Surgeons could reduce patient complications and deaths, and consequently reduce medical mistakes and malpractice lawsuits, by following a “safe-surgery checklist,” according to a study recently published by the New England Journal of Medicine (NEJM).
The “safe-surgery checklist,” which was in part developed by surgeon Atul Gawande for the World Health Organization (WHO), offers a way to lessen, if not eliminate, the alarming number of surgical objects left in patients after surgery. The “safe-surgery checklist” mandates that surgical teams stop at three critical points pre- and post-surgery to ask essential questions concerning the operation. USA Today reports that questions may include: “Is there enough blood on hand in case of severe bleeding? Have antibiotics been administered? What are the anesthesiologist’s and nurse’s main concerns?”
The “safe-surgery checklist” has proven effective thus far. The study shows that approximately one third of patient complications and deaths were reduced when surgeons followed the “safe-surgical checklist.” Despite its effectiveness, only 20 percent of hospitals have adopted it, according to Gawande.
In Virginia (VA), North Carolina (NC), South Carolina (SC) and West Virginia (WV), tens of thousands of surgeries take place every year. Of all surgeries, it is estimated that one in every 5,000 patients will unfortunately have a surgical object left inside them. Further, Science Daily reports that, across the United States, an estimated 1500 surgical items, such as towels, sponges and medical tools, are unknowingly sewn up into patients every year. This negligence is dangerous to the patient, as it can cause physical discomfort, septic shock, infection and sometimes death. This negligence is also the source of a number of medical malpractice lawsuits each year.

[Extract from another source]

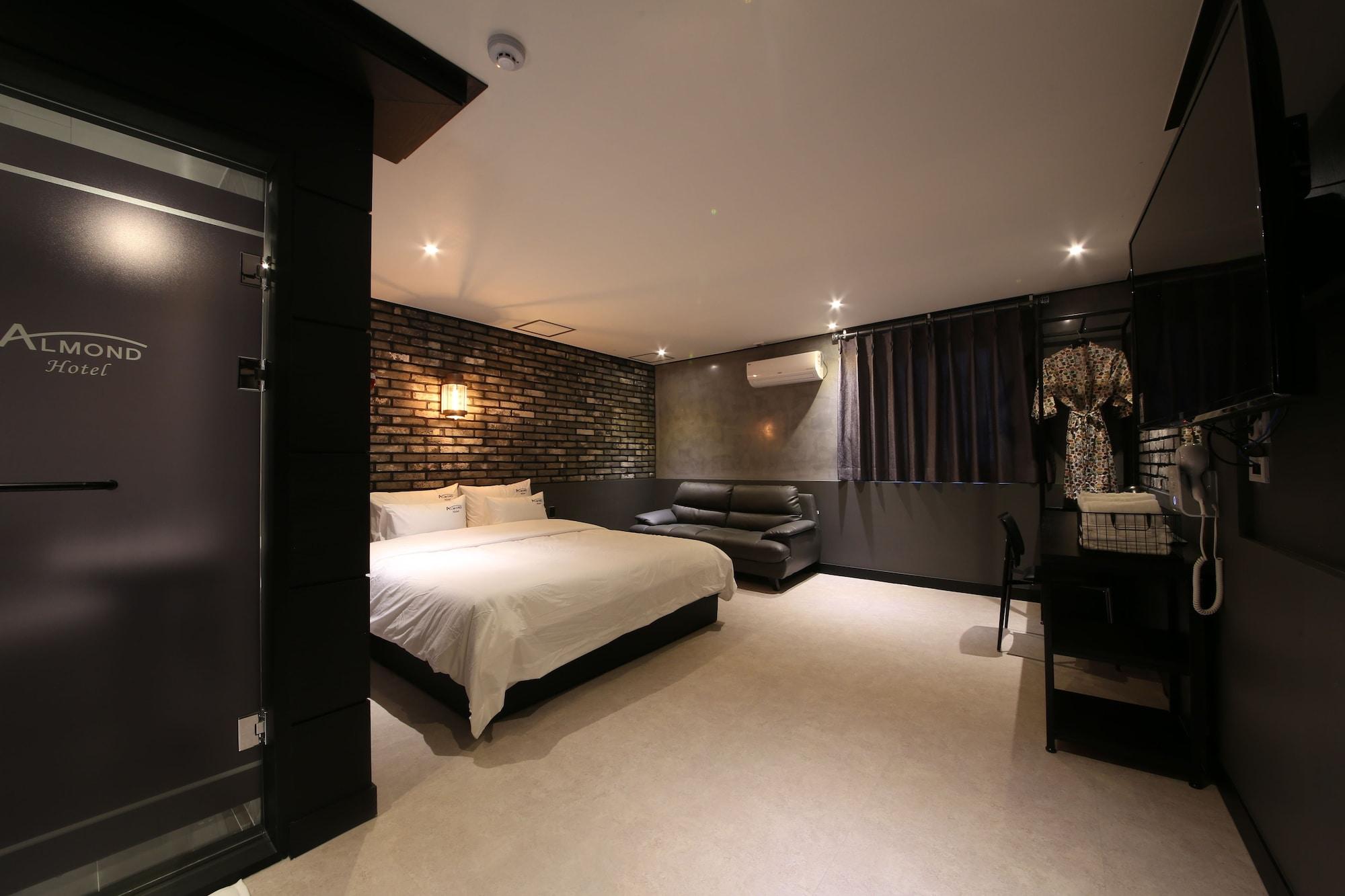 Almond Hotel Gupo Station Busan Exterior foto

With the development and proven effectiveness of this checklist, hospitals and surgeons should take note. If more hospitals implemented such checklists, the quality of patient care would increase significantly and the number of surgical mistakes would decrease. Surgical errors like this are considered “never events,” meaning that with the execution of proper procedures, they should never occur.
USA Today noted “that help can come from a checklist, much like one routinely used by pilots before every flight.” Just as pilots refer to a checklist to ensure the efficiency of a flight so to should surgeons to ensure the efficiency of a surgery. The checklist in both instances serves as a guide and is ultimately beneficial for all parties involved.